E parte del successo è dovuto senz’altro alle cupe e realistiche scenografie di Dante Ferretti e di sua moglie Francesca Lo Schiavo, entrambi vincitori dell’Oscar per questo film, così come alla fotografia, al tempo stesso densa e spettrale, di Dariusz Wolski, che contribuiscono a creare l’inquietante e insana atmosfera che permea la Londra ottocentesca. Il film ha vinto diversi premi: tra i più importanti, un Oscar per la migliore scenografia, due Golden Globe e due Saturn Award, ed ha ricevuto svariate nomination, in particolare due agli Oscar per il miglior attore protagonista e per i migliori costumi, due ai Golden Globe e due ai BAFTA Award, ma senza ottenerli.
07) Alice in Wonderland - (Alice in Wonderland, USA, 2010)
Primo film di Tim Burton prodotto da Disney dopo il suo licenziamento (sancisce quindi la ripresa dei rapporti tra il regista e la casa di produzione), uscito anche in una versione in 3D ed ispirato ai romanzi Alice nel paese delle meraviglie del 1865 e Attraverso lo specchio del 1871, entrambi di Lewis Carroll, Alice in Wonderland è un’altra pellicola in cui il film-maker dimostra la sua straordinaria immaginazione, ed è probabilmente una delle storie di genere fantasy più famose di sempre, resa celebre in particolare dall’omonimo classico film d’animazione prodotto dalla Disney nel 1951 e diretto da Clyde Geronimi, Hamilton Luske e Wilfred Jackson. Mentre nel primo romanzo e nel film di Disney la protagonista è una bambina, nella pellicola di Burton è invece una giovane ragazza.
Ambientata nell’800 nell’Inghilterra vittoriana, è la storia di Alice Kingsleigh, figlia di un nobile di professione mercante e da poco deceduto durante uno dei suoi viaggi la quale, a soli 19 anni, deve accettare un matrimonio combinato con l’antipatico Lord Hamish Ascot, per assicurarsi un futuro economicamente agiato. Tuttavia al momento della fatidica domanda del giovane sull’altare, Alice finge un malore e si allontana fino al bosco adiacente perché spaventata e confusa su ciò che deve fare.
Mentre corre scorge davanti a sé e segue un bizzarro personaggio (il primo di molti), il Bianconiglio, il quale si dirige velocemente verso una tana alle radici di un albero molto più profonda di ciò che sembra: è attraverso di essa che la protagonista giunge (dove era già stata quando era bambina sebbene lo abbia rimosso, come ricorderà in seguito) nello stravagante Paese delle Meraviglie, una sorta di luogo incantato dove non sembrano valere le normali leggi della fisica e popolato da una moltitudine pressoché infinita di strane e assurde creature.

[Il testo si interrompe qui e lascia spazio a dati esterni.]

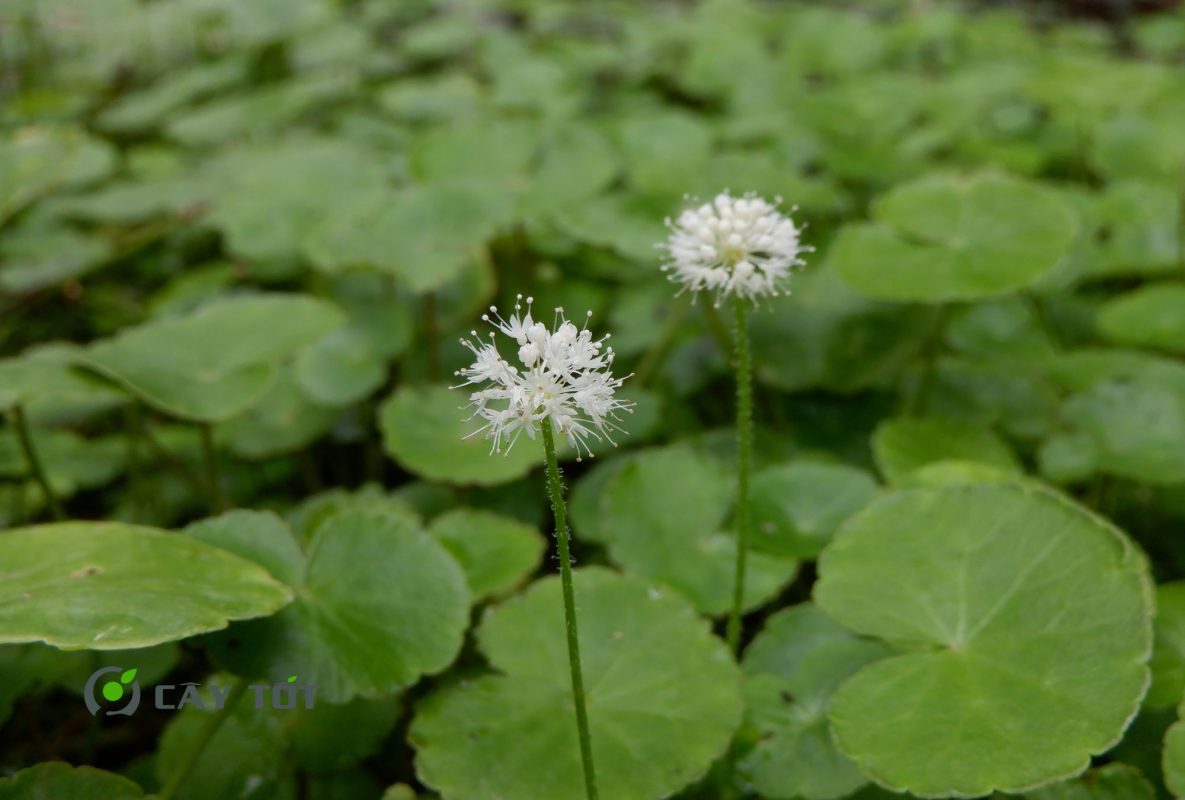 Hạt Giống Rau Má Baby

Il magico regno è afflitto da un pericolo incombente: la dispotica e collerica Regina Rossa ha usurpato le terre un tempo governate dalla sorella da lei detestata, la gentile Regina Bianca, e governa con tirannia inviando i suoi soldati (dall’aspetto di carte da gioco) ad arrestare chiunque le dimostri una seppure debole resistenza. Aiutata dunque dal Cappellaio Matto, dallo Stregatto, dal Brucaliffo e da altri eccentrici abitanti del regno, Alice dovrà riuscire ad unire le loro forze (e le loro strampalate abilità) per fronteggiare e sconfiggere una volta per tutte la Regina Rossa e il suo esercito, in modo da restituire il regno alla Regina Bianca e ripristinare finalmente la pace.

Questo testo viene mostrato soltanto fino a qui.